Pour le président du groupe Union calédonienne-FLNKS du Congrès, Roch Wamytan, qui avec sa délégation a quitté la réunion à la mi-journée, estimant que les questions économiques qui devaient être abordées dans l’après-midi étaient du seul ressort des élus territoriaux, « l’accord de Nouméa a un début, 1998, et une fin, après les deuxième et troisième référendums ». « Donc, poursuit-il, la question des deuxième et troisième référendums n’a pas à être discutée, pas plus que celle de l’ouverture du corps électoral. »

Les élections provinciales en mai, un test majeur

Les indépendantistes s’appuient sur l’avis du Conseil d’Etat du 4 septembre, selon lequel « il résulte de l’accord lui-même que son application pourrait s’étendre au-delà de cette période [de vingt ans] ». Le gouvernement a confirmé au cours de ce comité des signataires qu’il en faisait une lecture identique. « Notre objectif était de réaffirmer que l’accord de Nouméa doit continuer à s’appliquer de manière pleine et entière. Nous sommes satisfaits de la position du gouvernement », s’est félicité Victor Tutugoro au nom de la délégation de l’Union nationale pour l’indépendance.

Il faudra donc attendre le verdict des urnes, en mai, pour espérer le début d’une amorce de reprise du dialogue. La ministre des outre-mer, Annick Girardin, veut croire qu’il n’est pas rompu et qu’il pourra reprendre après les provinciales, « pour travailler sur un nouvel accord si c’est une volonté partagée ». C’est la volonté, également, de Calédonie ensemble, qui fait toujours le « pari de l’intelligence ». « Le pari de l’intelligence, c’est intégrer que 57 ont gagné et que 43 doivent être écoutés, plaide Philippe Gomès. Construire un accord d’avenir partagé, certes c’est un chemin de crête. Le consensus ne s’impose jamais, il faut aller le chercher, mais nous devons nous montrer à la hauteur de nos anciens. »
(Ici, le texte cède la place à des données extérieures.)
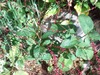 WP_001060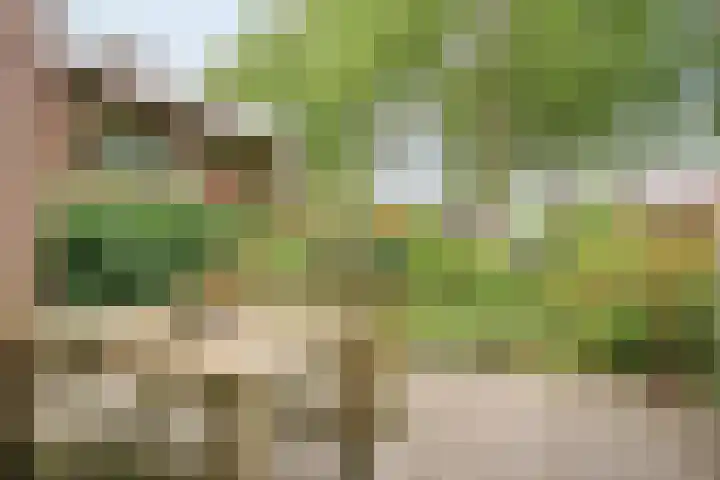 Teldersweg 25 Rhenen thumbnail 30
Les élections provinciales seront donc un nouveau test politique majeur pour le territoire. Elles permettront de mesurer, à la fois, les rapports de forces au sein de la droite loyaliste et si les indépendantistes parviennent à concrétiser dans ce scrutin la dynamique du référendum. Les positions acquises à l’issue de ces élections détermineront en grande partie l’avenir du processus de décolonisation et les conditions dans lesquelles pourront reprendre les discussions.